The Supreme Court has clarified that tax exemptions granted by the government do not give perpetual rights to the recipients.
The government can withdraw these exemptions in the public interest whenever necessary.
This decision came while hearing an appeal by the Maharashtra government against captive power generators.
The court upheld the government’s move to withdraw tax benefits for industries generating electricity for their own use.
Background of the Dispute
The issue relates to electricity duty exemptions given by Maharashtra since 1994 under Section 5A of the Bombay Electricity Duty Act, 1958.
These exemptions were meant to encourage industries to build captive power units.
In 2000-2001, the government partially withdrew the exemptions, citing financial constraints and the need to increase revenue.
The High Court had earlier struck down this withdrawal as arbitrary and discriminatory, leading the state to approach the Supreme Court.
Key Points from the Supreme Court Judgment
Justice Alok Aradhe, writing the judgment, stated that these exemptions are legal concessions, not promises.

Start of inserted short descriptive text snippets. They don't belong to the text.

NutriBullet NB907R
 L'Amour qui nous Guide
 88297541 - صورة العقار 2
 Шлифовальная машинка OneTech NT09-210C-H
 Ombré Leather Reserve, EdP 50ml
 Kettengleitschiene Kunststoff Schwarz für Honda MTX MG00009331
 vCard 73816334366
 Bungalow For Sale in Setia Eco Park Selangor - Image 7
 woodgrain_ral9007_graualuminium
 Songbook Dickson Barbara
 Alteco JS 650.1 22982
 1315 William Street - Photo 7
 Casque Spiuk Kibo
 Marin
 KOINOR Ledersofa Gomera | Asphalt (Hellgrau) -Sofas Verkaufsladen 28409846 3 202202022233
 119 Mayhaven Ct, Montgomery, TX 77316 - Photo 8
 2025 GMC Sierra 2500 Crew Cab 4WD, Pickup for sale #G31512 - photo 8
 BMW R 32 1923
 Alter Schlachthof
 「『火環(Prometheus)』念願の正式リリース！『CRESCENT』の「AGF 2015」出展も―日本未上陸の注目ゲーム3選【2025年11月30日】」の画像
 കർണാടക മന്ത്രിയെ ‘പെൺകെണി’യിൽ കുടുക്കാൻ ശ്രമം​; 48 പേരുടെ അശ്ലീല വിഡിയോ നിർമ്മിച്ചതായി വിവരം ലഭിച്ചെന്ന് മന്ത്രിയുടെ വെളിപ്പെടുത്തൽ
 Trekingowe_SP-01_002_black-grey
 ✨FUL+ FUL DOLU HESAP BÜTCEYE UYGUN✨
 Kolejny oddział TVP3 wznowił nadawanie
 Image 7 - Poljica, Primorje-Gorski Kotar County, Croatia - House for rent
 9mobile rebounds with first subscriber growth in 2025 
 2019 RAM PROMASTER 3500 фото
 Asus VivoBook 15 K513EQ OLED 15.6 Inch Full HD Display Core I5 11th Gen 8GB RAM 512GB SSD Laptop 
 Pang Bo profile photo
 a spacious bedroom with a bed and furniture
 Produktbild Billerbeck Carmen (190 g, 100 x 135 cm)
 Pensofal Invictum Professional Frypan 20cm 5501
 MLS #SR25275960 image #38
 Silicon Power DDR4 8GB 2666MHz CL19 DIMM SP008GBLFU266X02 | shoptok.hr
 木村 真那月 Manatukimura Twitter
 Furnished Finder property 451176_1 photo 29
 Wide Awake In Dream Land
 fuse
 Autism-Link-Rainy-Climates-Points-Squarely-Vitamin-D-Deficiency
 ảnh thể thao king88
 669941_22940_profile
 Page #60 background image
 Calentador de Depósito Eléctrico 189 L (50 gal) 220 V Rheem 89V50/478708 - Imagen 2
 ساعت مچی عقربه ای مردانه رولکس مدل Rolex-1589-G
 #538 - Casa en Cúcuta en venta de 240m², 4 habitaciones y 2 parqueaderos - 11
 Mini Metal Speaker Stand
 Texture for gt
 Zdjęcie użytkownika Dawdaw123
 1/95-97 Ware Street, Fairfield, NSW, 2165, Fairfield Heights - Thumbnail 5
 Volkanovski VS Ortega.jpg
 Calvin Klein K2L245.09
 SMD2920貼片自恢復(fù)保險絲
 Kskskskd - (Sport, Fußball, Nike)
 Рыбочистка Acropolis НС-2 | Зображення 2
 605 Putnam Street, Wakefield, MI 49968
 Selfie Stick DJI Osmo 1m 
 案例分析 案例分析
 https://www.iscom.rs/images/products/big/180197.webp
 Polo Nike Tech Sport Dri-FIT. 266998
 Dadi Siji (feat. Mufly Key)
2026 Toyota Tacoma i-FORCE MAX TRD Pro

This means the government has the authority to modify or revoke them if needed in the public interest.
The court explained:
Industries relying on these exemptions cannot claim indefinite continuation.
Exemptions are revocable and withdrawal does not violate the law if done reasonably.
The government’s decision must follow fairness and reasonableness, ensuring industries have time to adapt to changes.
The court rejected claims based on promissory estoppel (right based on promise), noting that beneficiaries are aware that exemptions can be withdrawn.
Fairness and Public Interest
The Supreme Court emphasized that withdrawing exemptions must not cause undue hardship.
It agreed that the Maharashtra government acted in public interest, aiming to increase revenue and manage fiscal constraints.
The court concluded:
The withdrawal was neither arbitrary nor unreasonable.
Notifications withdrawing the exemption would take effect one year after their issue dates, giving industries time to adjust.
This ruling reinforces that government concessions are temporary, and while recipients can benefit during their validity, they cannot demand permanent continuation.